Jimmy Allen: As Christina says, joyful routines are about celebrating the heroes of your company. Those that make and sell the product, the leader's job is to make those jobs good jobs. You know I don't think we talk enough about this. We love to talk about the value that CEOs create for shareholders, but when was the last time you read a newspaper article about the good jobs they created? So these two episodes are clear, the business should be simple. But in our episode with Don Katz, the founder of Audible, we focused on the growth paradox. Why is it that our very success growth brings with it the seeds of our destruction? Complexity. And Don says, it starts with this. As companies grow, leaders stop focusing on the product and the front line, and they start managing the managers. Layers get at it, conversations shift away from customers and towards reports and averages and processes. Here's Don.

Don Katz: I had one tenant and principle and that was literally no assholes were allowed. And it was a way of basically saying that the political gamesmanship of managerial realities was not appropriate to the collegial behavior, the comradery of trust, the truly visionary companies would lead. And I tried my best to do that. I probably failed to some extent by trusting that my ability to show different mirrors and lenses to people who were kind of about themselves and probably what you would call energy vampires, I wasn't as good at realizing some people just can't change. And then of course, you're managing also a board, you're managing the street, you're managing all sorts of constituencies. So you're right, complexity made it harder and harder. And that's why in 2017, I did write the people principles, which was really my best shot on how human nature is refracted through an organization that will succeed.

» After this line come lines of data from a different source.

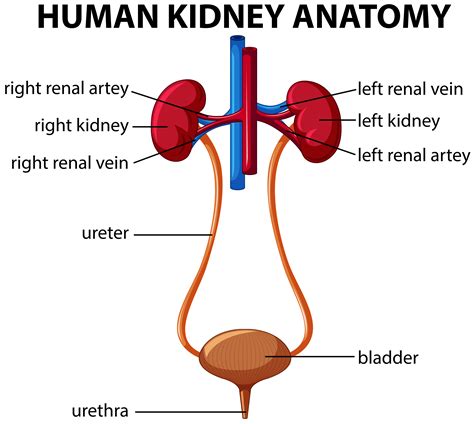 Human Kidney Anatomy Diagram 434204 Vector Art At Vecteezy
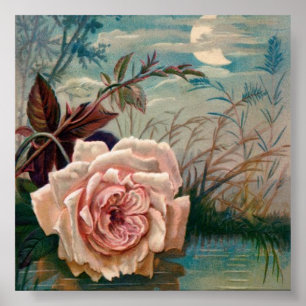 Affiche de sérénade de rose de clair de lune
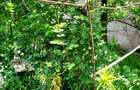 Casă cu 3 camere, garaj și anexe, teren 540 mp, zonă liniștită, fără trafic - 20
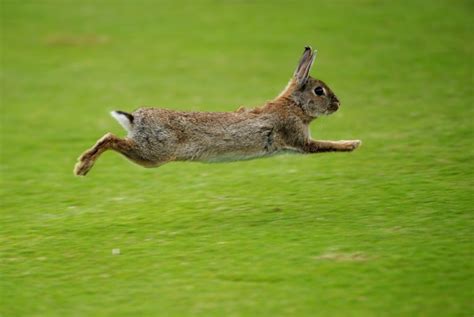 How the rabbit got its cotton-white tail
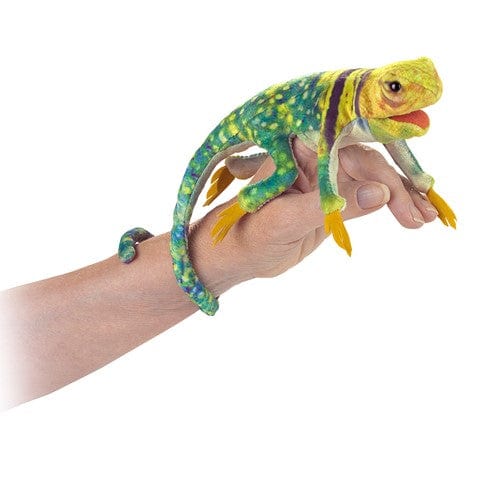 Mini Collared Lizard Finger Puppet Folkmanis Puppets Folkmanis Puppets Lil Tulips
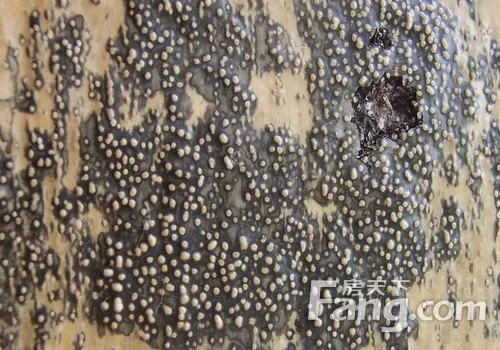 有白蚂蚁怎么办如何消灭呢 房天下家居装修网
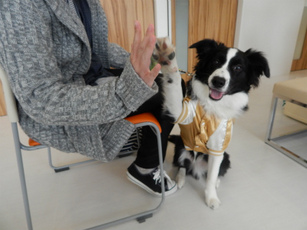 DSCN4264.jpg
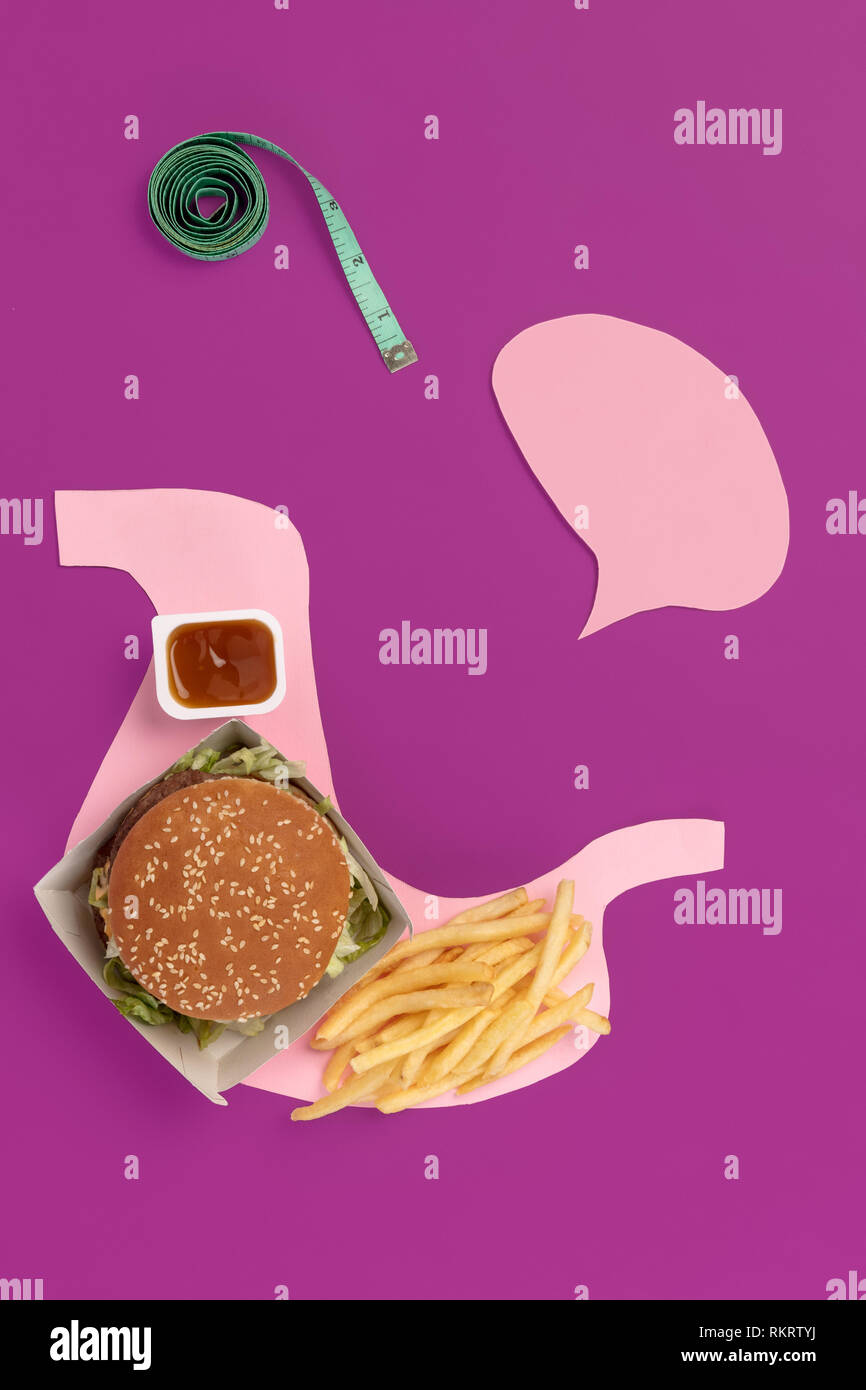 I love fast food. French fries, burger in the form of stomach isolated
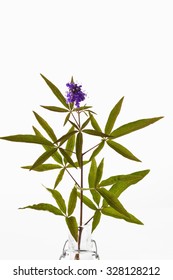 Vitex, Chaste Tree, Medical Plant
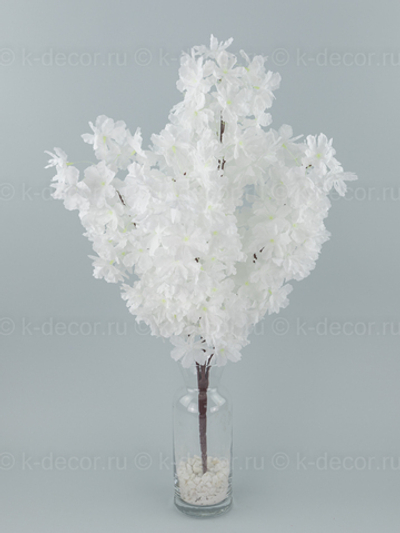 Сакура Весенняя БИГ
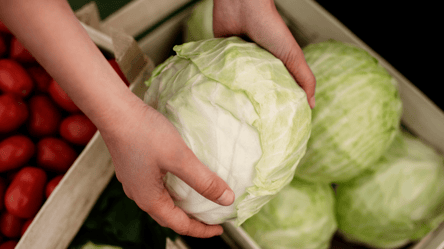 Як правильно зберігати капусту вдома — секрети від дачників - 285x160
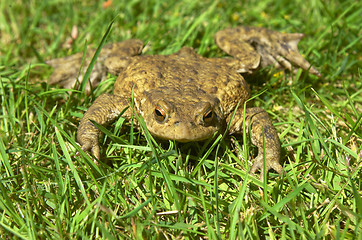 Image showing Frog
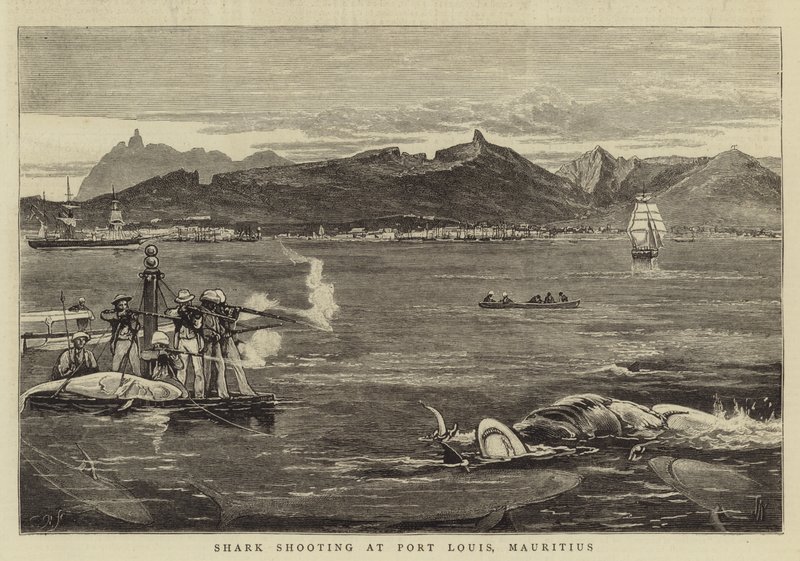 Disparo de tiburones en Port Louis, Mauricio de Joseph Nash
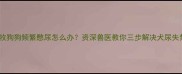 7岁边牧狗狗频繁憋尿怎么办资深兽医教你三步解决犬尿失禁问题
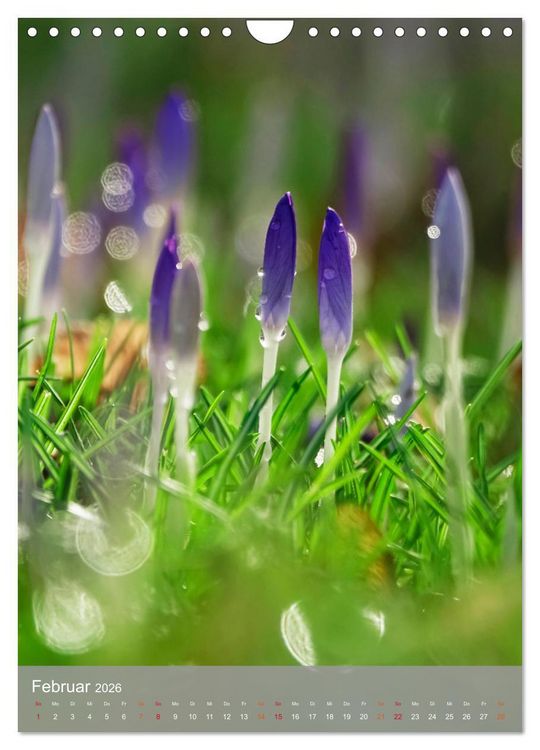 Produktbild: Mit Bokeh-Fotografie durch das Jahr (Wandkalender 2026 DIN A4 hoch), CALVENDO Monatskalender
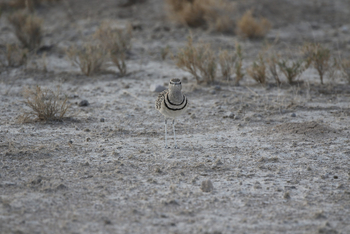 Dolomite Camp: Double Banded Courser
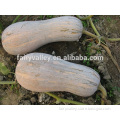 Hybrid pumpkin seeds For Growing-You Feng Mi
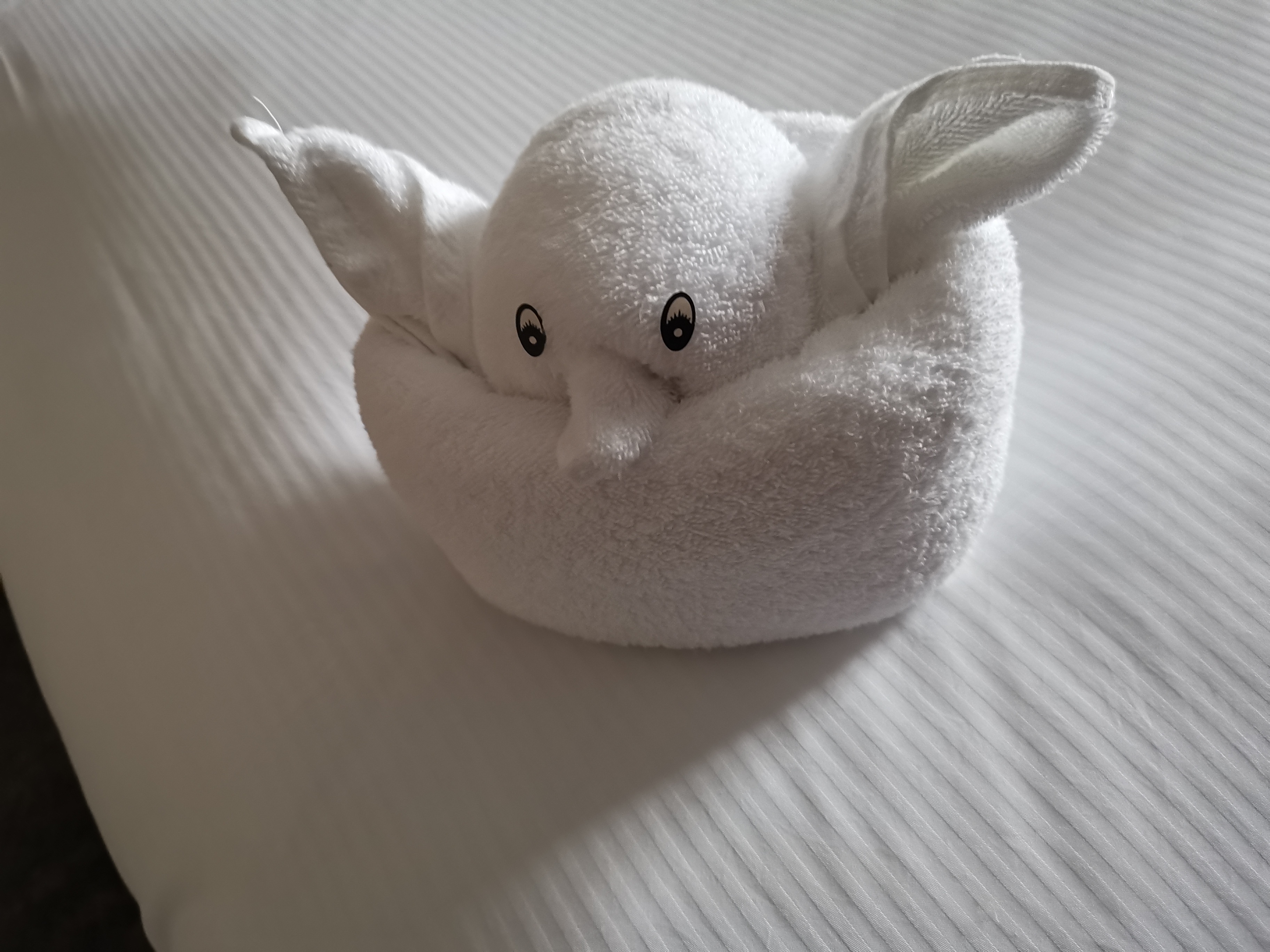 广州汇华希尔顿逸林酒店月饼,广州汇华希尔顿逸林酒店自助餐厅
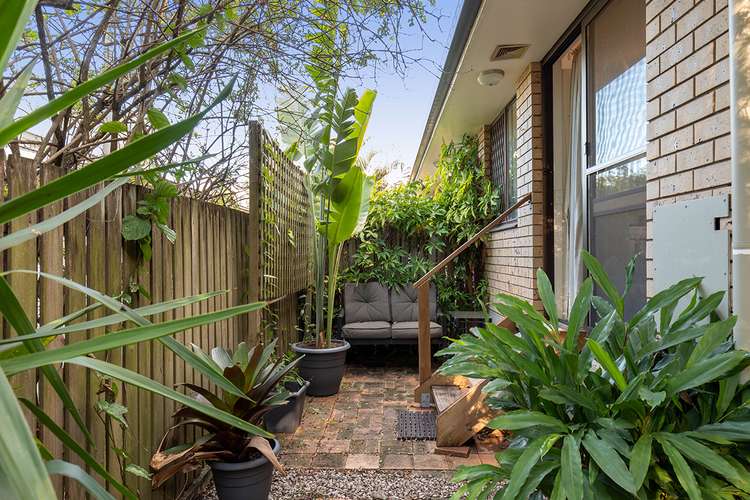 Main view of Homely unit listing, 4/19 Lucinda Street, Taringa QLD 4068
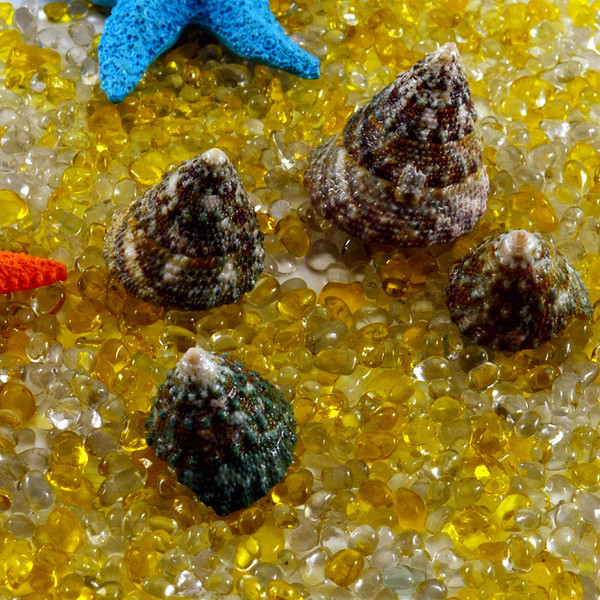 水族专用 金字塔螺 家具摆件 鱼缸造景地中海地台装饰1元2个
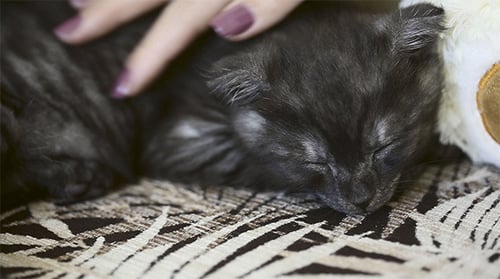 Sleeping Kitten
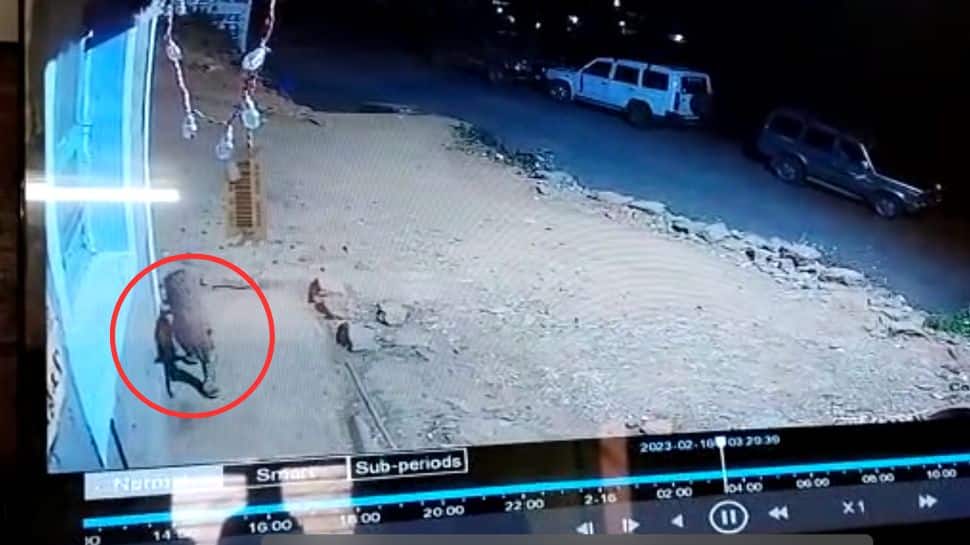 தேனி: கேண்டீனில் கூலாக ரெஸ்ட் எடுக்கும் புலி..! சிசிடிவி காட்சிகள் 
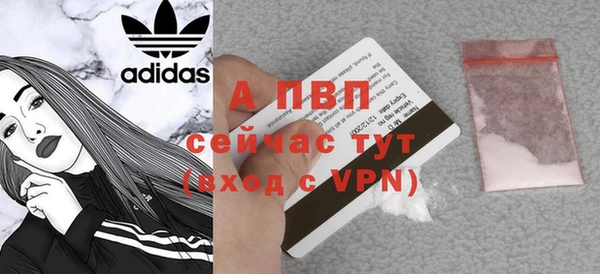 сатива Новокубанск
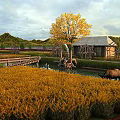Scenic Countryside Landscape Featuring Golden Fields Autumn Trees Wooden Bridge Watermill and Cottage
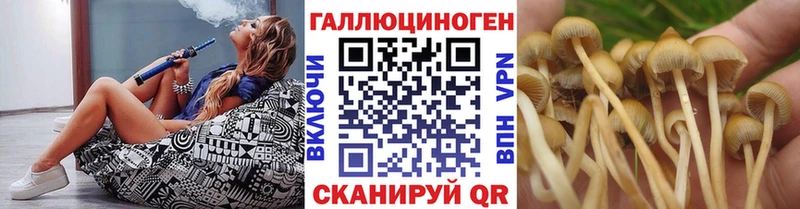Псилоцибиновые грибы Psilocybine cubensis  mega вход  Белая Холуница 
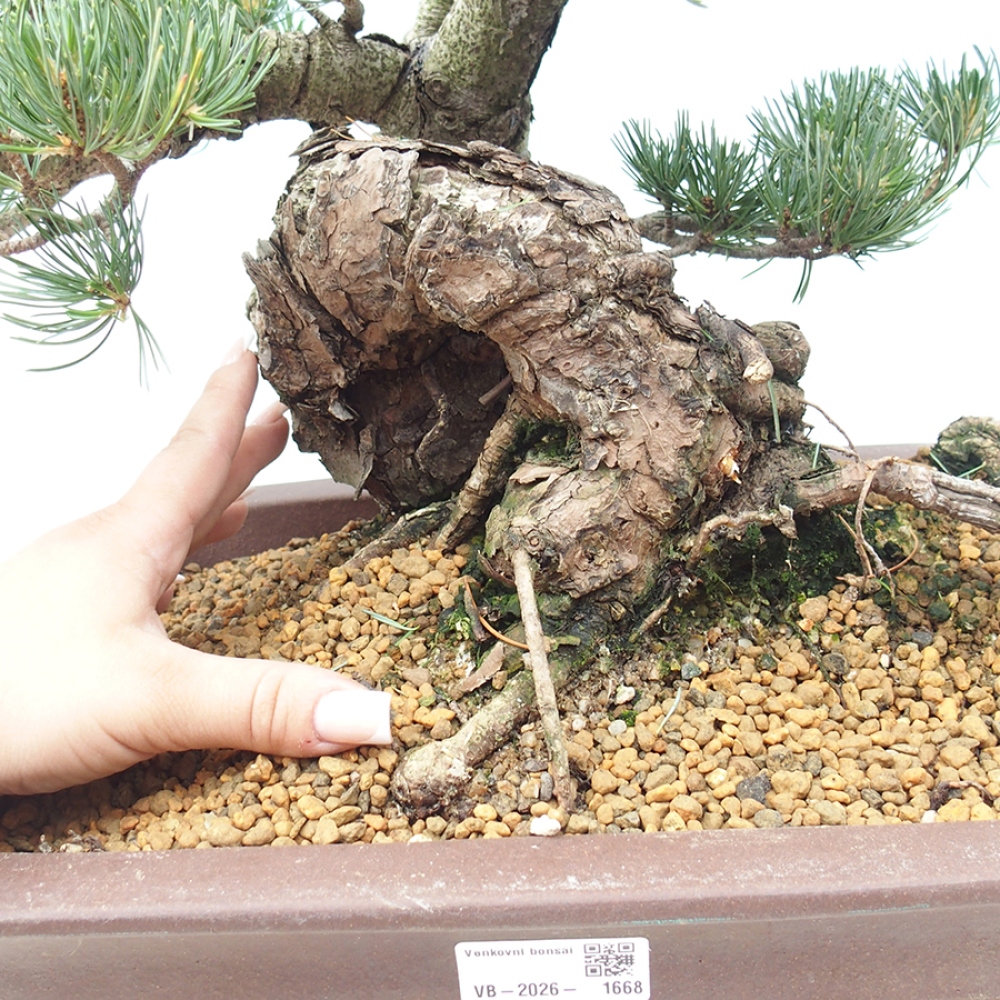 Kültéri bonsai - Pinus parviflora - Pinus parviflora
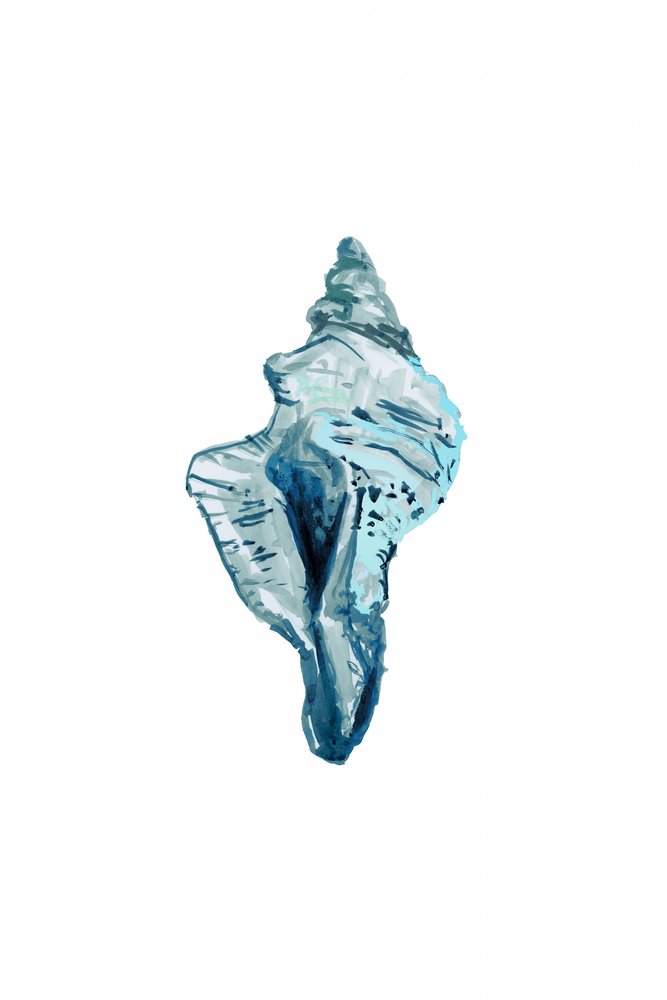 Concha de caracol azul de cartissi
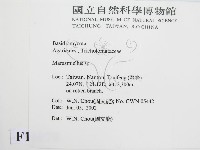 微皮傘屬藏品圖，第2張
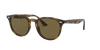 Ray Ban Ray In Dark Brown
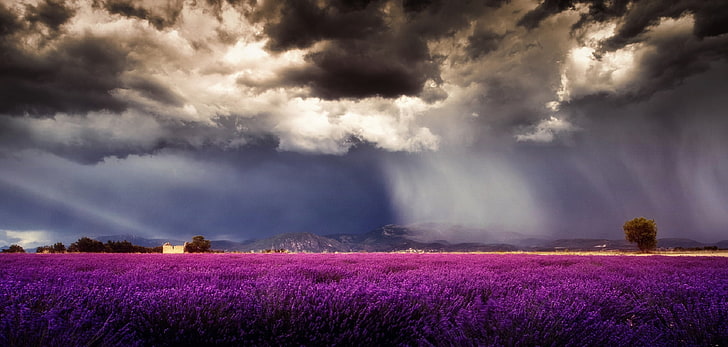 поле, цветы, небо, облака, лаванда, дождь, HD обои
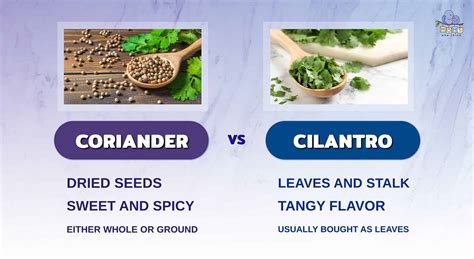 Coriander vs. Cilantro: 3 Key Differences & Full Nutrition and Health ...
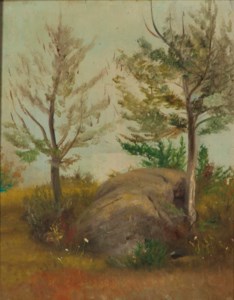 Rock and Trees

Jimmy Allen: What I learned from Don was this, great leaders keep returning to the why. The why moves you away from managers back to the product and the people who make and sell it. After all, that's how your company started. All great companies start as insurgents at war against their industry on behalf of underserved customer, but their growth leads to complexity, which distracts them from the original mission. Don solved this through people principles, not a slogan, but a thousand conversations. But once you've returned to first principles, how do you build again? What are the new rules for scaling that avoid the soul destroying complexity? How do we avoid the journey to struggling bureaucracy? How do we go from insurgent to scale insurgent? Well, in the next six episodes, our CEOs began to set out six new rules for scaling. The first rule was introduced by Nirav Tolia, he's the founder of Nextdoor. And he talks about a concept that we keep coming back to. You have to deliver and develop. Deliver is about flawless execution of known routines. Develop is about business building. Let's create new solutions in response to shifting technologies, competitors or customer needs. But here's the problem. Our professionals management systems are built for delivery and they view development as a distraction. And in the era of turbulence, those systems are gonna kill you

Nirav Tolia: In the beginning of a company, there's nothing to execute on if you don't have that innovation. And so, these two motions develop first and then deliver. They are much sequential. But then you're a public company and you're on this quarterly rhythm of delivering your results. And so, at that point it goes from develop leading to deliver, to needing to deliver all the time. But if you're doing a transformation, you also need to develop because clearly innovation is missing. What the street really cares about is develop. But what the street maybe doesn't understand is we will develop and we will release our new product this summer, but we've got to also learn and build the muscle on deliver, because as soon as we deliver that innovation, we gotta start executing. And so, this has been one of the core learnings for me as a refounder. Develop and deliver simultaneously versus develop and then deliver sequentially.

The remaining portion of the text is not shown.